Problem statement: Each record below should be set down exactly.

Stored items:
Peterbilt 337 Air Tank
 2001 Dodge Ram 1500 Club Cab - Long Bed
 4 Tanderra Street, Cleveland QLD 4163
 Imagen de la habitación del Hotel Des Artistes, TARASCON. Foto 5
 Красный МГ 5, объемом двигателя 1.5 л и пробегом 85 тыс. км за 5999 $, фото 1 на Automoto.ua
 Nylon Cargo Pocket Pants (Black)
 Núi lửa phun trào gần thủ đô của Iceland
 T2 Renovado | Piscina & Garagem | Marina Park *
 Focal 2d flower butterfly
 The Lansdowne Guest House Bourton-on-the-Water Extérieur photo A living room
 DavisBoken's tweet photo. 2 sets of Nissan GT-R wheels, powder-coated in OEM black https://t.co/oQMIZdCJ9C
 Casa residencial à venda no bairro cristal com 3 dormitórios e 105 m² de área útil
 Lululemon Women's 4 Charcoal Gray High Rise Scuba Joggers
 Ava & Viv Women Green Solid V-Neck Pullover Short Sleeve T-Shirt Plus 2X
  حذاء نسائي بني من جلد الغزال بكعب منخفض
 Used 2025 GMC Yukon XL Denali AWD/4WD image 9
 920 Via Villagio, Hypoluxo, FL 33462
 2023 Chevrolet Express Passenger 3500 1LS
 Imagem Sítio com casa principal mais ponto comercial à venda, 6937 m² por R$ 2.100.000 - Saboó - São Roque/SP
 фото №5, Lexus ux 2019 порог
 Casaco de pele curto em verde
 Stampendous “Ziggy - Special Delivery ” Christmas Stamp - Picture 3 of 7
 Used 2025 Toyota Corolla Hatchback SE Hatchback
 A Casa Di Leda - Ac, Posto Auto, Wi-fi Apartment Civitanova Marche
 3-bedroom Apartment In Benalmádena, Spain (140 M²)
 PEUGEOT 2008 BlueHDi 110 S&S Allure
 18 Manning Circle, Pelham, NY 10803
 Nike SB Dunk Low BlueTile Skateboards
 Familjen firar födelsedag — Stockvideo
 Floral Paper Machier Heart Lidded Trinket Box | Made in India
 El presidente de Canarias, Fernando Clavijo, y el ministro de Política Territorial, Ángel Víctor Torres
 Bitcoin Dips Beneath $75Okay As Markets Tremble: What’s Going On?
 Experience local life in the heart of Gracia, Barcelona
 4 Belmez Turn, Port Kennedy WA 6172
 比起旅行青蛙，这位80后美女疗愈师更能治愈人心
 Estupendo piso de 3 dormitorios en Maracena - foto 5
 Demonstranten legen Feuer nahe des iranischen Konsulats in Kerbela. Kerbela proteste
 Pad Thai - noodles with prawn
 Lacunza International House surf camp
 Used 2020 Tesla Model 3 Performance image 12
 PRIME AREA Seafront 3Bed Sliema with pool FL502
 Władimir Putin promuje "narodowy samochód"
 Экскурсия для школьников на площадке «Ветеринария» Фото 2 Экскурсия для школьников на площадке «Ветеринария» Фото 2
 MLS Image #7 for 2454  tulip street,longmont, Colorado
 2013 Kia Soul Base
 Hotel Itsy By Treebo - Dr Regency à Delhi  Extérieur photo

Solution for this task:
Peterbilt 337 Air Tank
 2001 Dodge Ram 1500 Club Cab - Long Bed
 4 Tanderra Street, Cleveland QLD 4163
 Imagen de la habitación del Hotel Des Artistes, TARASCON. Foto 5
 Красный МГ 5, объемом двигателя 1.5 л и пробегом 85 тыс. км за 5999 $, фото 1 на Automoto.ua
 Nylon Cargo Pocket Pants (Black)
 Núi lửa phun trào gần thủ đô của Iceland
 T2 Renovado | Piscina & Garagem | Marina Park *
 Focal 2d flower butterfly
 The Lansdowne Guest House Bourton-on-the-Water Extérieur photo A living room
 DavisBoken's tweet photo. 2 sets of Nissan GT-R wheels, powder-coated in OEM black https://t.co/oQMIZdCJ9C
 Casa residencial à venda no bairro cristal com 3 dormitórios e 105 m² de área útil
 Lululemon Women's 4 Charcoal Gray High Rise Scuba Joggers
 Ava & Viv Women Green Solid V-Neck Pullover Short Sleeve T-Shirt Plus 2X
  حذاء نسائي بني من جلد الغزال بكعب منخفض
 Used 2025 GMC Yukon XL Denali AWD/4WD image 9
 920 Via Villagio, Hypoluxo, FL 33462
 2023 Chevrolet Express Passenger 3500 1LS
 Imagem Sítio com casa principal mais ponto comercial à venda, 6937 m² por R$ 2.100.000 - Saboó - São Roque/SP
 фото №5, Lexus ux 2019 порог
 Casaco de pele curto em verde
 Stampendous “Ziggy - Special Delivery ” Christmas Stamp - Picture 3 of 7
 Used 2025 Toyota Corolla Hatchback SE Hatchback
 A Casa Di Leda - Ac, Posto Auto, Wi-fi Apartment Civitanova Marche
 3-bedroom Apartment In Benalmádena, Spain (140 M²)
 PEUGEOT 2008 BlueHDi 110 S&S Allure
 18 Manning Circle, Pelham, NY 10803
 Nike SB Dunk Low BlueTile Skateboards
 Familjen firar födelsedag — Stockvideo
 Floral Paper Machier Heart Lidded Trinket Box | Made in India
 El presidente de Canarias, Fernando Clavijo, y el ministro de Política Territorial, Ángel Víctor Torres
 Bitcoin Dips Beneath $75Okay As Markets Tremble: What’s Going On?
 Experience local life in the heart of Gracia, Barcelona
 4 Belmez Turn, Port Kennedy WA 6172
 比起旅行青蛙，这位80后美女疗愈师更能治愈人心
 Estupendo piso de 3 dormitorios en Maracena - foto 5
 Demonstranten legen Feuer nahe des iranischen Konsulats in Kerbela. Kerbela proteste
 Pad Thai - noodles with prawn
 Lacunza International House surf camp
 Used 2020 Tesla Model 3 Performance image 12
 PRIME AREA Seafront 3Bed Sliema with pool FL502
 Władimir Putin promuje "narodowy samochód"
 Экскурсия для школьников на площадке «Ветеринария» Фото 2 Экскурсия для школьников на площадке «Ветеринария» Фото 2
 MLS Image #7 for 2454  tulip street,longmont, Colorado
 2013 Kia Soul Base
 Hotel Itsy By Treebo - Dr Regency à Delhi  Extérieur photo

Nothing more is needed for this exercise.